Наблюдая сложный процесс распада империй, мы гораздо чаще сталкиваемся с попытками нащупать новые формы участия колоний в имперских структурах, придумать такое устройство, которое стабилизировало бы империю, помешало её распаду, – а вовсе не со стремлением утвердить национальную независимость в противостоянии имперской власти. В колониях и в метрополии правящие классы искали способы справиться с кризисом, оставаясь “верными”, лояльными режиму. Смысл, вкладываемый в понятие “лояльности”, менялся, отражая постепенные изменения самого имперского суверенитета как процесса. Некоторые попытки не приносили никаких плодов, но часть начинаний приносила результаты, которые оказывались неожиданными даже для самых прозорливых реформаторов. В конце концов наступал момент, когда действующие лица принимали решение “выйти из системы”. Говоря о “выходе”, мы используем модель, предложенную Альбертом О. Хиршманом для описания поведения людей в условиях кризиса. Хиршман утверждает, что обычно в кризисной ситуации люди ведут себя по-разному, однако даже самое благоприятное сочетание их реакций чревато проблемами из-за присущей всем нам “врожденной тенденции к нестабильности”.[2] Во время затянувшегося кризиса, длившегося с 1807 по 1822 гг., старые структуры отмирали еще до того, как возникала уверенность в том, что им найдена замена. Этот факт крайне затрудняет для историка выделение особых периодов в развитии кризиса, а также не позволяет говорить о плавном переходе от одного этапа к другому, как это обычно бывает при описании макросоциальных изменений.

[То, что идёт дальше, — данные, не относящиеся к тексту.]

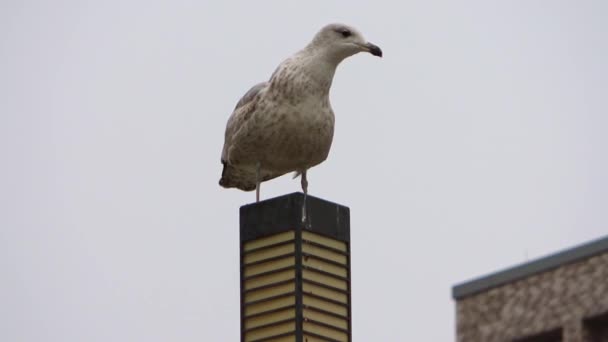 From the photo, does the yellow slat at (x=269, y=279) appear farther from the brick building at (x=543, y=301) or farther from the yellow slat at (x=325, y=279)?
the brick building at (x=543, y=301)

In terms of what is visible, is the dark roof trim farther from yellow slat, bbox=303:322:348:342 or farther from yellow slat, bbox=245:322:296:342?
yellow slat, bbox=245:322:296:342

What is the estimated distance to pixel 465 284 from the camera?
152ft

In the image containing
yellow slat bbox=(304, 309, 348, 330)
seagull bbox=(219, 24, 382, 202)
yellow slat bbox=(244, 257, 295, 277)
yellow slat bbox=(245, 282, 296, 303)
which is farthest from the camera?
seagull bbox=(219, 24, 382, 202)

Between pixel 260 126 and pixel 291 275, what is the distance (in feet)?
6.88

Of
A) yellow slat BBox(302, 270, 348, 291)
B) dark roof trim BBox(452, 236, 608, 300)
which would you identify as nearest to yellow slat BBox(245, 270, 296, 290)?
yellow slat BBox(302, 270, 348, 291)

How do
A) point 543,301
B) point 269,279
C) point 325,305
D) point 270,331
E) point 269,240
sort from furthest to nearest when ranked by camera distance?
1. point 269,240
2. point 269,279
3. point 325,305
4. point 270,331
5. point 543,301

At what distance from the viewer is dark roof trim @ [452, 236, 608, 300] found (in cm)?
4516

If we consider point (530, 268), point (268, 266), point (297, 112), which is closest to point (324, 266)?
point (268, 266)

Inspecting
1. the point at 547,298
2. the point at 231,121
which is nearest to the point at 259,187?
the point at 231,121

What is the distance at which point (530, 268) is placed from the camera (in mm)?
45688

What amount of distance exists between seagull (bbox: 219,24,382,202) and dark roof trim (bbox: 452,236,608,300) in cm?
280

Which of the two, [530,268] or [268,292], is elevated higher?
[268,292]

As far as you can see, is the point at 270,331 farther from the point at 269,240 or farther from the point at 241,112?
the point at 241,112

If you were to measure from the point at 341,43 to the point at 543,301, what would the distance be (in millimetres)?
4486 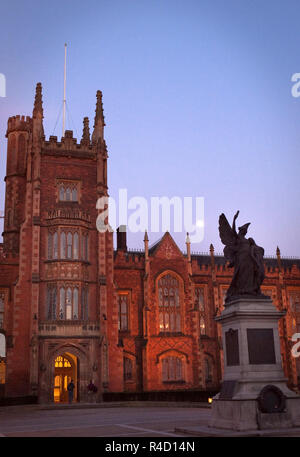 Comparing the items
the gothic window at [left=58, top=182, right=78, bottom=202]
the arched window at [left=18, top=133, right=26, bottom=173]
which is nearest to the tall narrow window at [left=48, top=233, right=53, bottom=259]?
the gothic window at [left=58, top=182, right=78, bottom=202]

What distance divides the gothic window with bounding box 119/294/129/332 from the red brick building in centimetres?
8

Тенденция к нестабильности была заложена не внутри империй, где якобы собиралась гроза, а в системе международных отношений. Начавшиеся в 1790-е гг. военные действия нанесли по этой системе страшный удар. Затем события стали стремительно развиваться, вылившись в эпическое противостояние держав и тотальную войну, охватившую после 1805 г. весь атлантический мир. Действительно, растущая слабость государственной власти не привела к появлению движений за выход из состава империй в тот момент, когда “уйти” было проще всего. В XVIII в. соперничество европейских держав вызвало внутреннюю перестройку империй, а теперь обострение этого соперничества повлекло за собой распад Испанской и Португальской империй. К 1800 г. речь шла уже не о борьбе за отдельные колониальные владения, а о трансрегиональной гегемонии. Появление к этому времени вполне самостоятельных сетей товарообмена, изменения в управлении империями, расцвет работорговли – все это означало, что за сохранением преданности монарху стояли огромные суммы торговой прибыли. Поэтому изменились условия соглашений, заключаемых между метрополией и колониями, а также между коалициями различных сил на периферии империи. Последователи учения физиократов в Картахене и Буэнос-Айресе добивались лишь того, чтобы власти превратили сложившиеся на практике договоренности в новую модель отношений. То же самое мы наблюдаем и в Португальской империи. Родриго де Союза Кутиньо, самый влиятельный человек при дворе династии Браганца в период с 1790-х по 1812 гг., отмечал, что Португалия гораздо больше зависела от Бразилии, чем Бразилия от Португалии. К 1804 г. он уже замышлял планы переезда монархии в новую метрополию – Рио де Жанейро. Безусловно, было много жалоб на остатки монополий и ограничения в торговле, но вряд ли они могли стать причиной для выхода из состава империи. Напротив, ликвидация последних оплотов “коррупции” придала бы империям новую энергию и жизнеспособность. Новые взгляды на собственность на самом деле не были автоматически связаны с новыми представлениями о суверенитете.[3]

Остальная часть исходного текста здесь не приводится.